Agreed that lighting is a critical source of contrast. However, lighting is also a critical source of resolution with reflective subjects, which these appear to be. This fact too is often overlooked. Undiffused light is certainly contrasty--but with reflective subjects, undiffused light kills resolution. Thus. effective analysis of resolution can, with reflective subjects, only be measured with widely diffuse light.
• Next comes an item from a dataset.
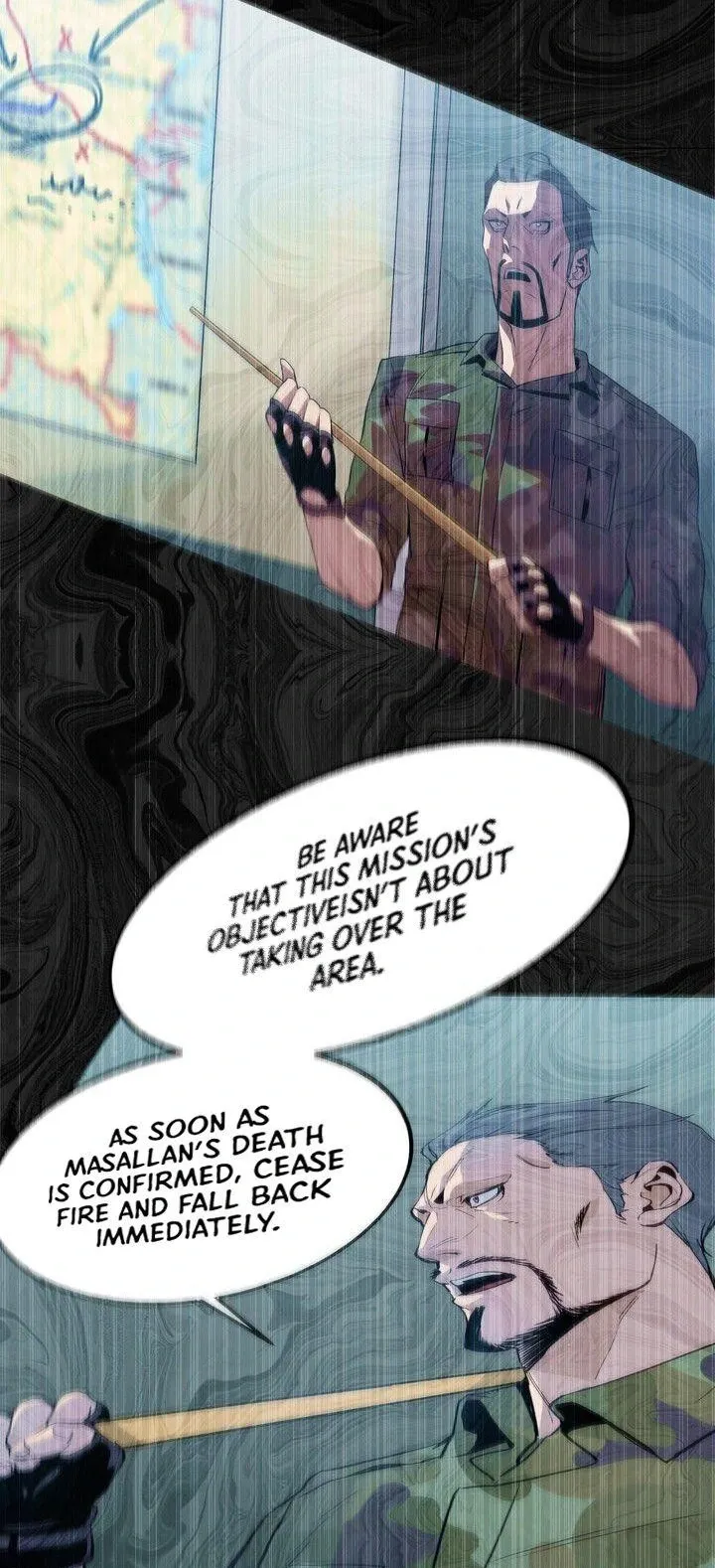 God of Blackfield Chapter 19 Page 26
This is due to what we've come to call a "utilized aperture" effect. A subject that produces directional reflections will, if illuminated by a narrow light source,often fill less-than-the entirety of a lens's entrance cone with light. This means that less than all of an objective's numerical aperture is utilized, producing a result much like that of an objective with a smaller numerical aperture--lower resolution. And as an additional confounding factor, whenever a combination of subject and lighting utilizes less then the full lens aperture, individual subject details are likely to utilize more or less aperture than other details. This would make it very confusing to determine lens resolution in such an arrangement.

Since you are using this subject to measure resolution, I'd suggest you try the most diffuse lighting possible:; let your lighting evenly cover all of the "sky" as seen by the subject. Agreed that this may produce less contrast; but it may be needed to produce top resolution. Since resolution is the element being tested, maximizing for it seems appropriate.

This said, I haven't seen this test slide with my own eyes. It certainly looks like the sort of reflective subject that can only be recorded at full resolution with diffuse lighting, but I speak only from pictures I've seen.

Cheers,

--Chris S.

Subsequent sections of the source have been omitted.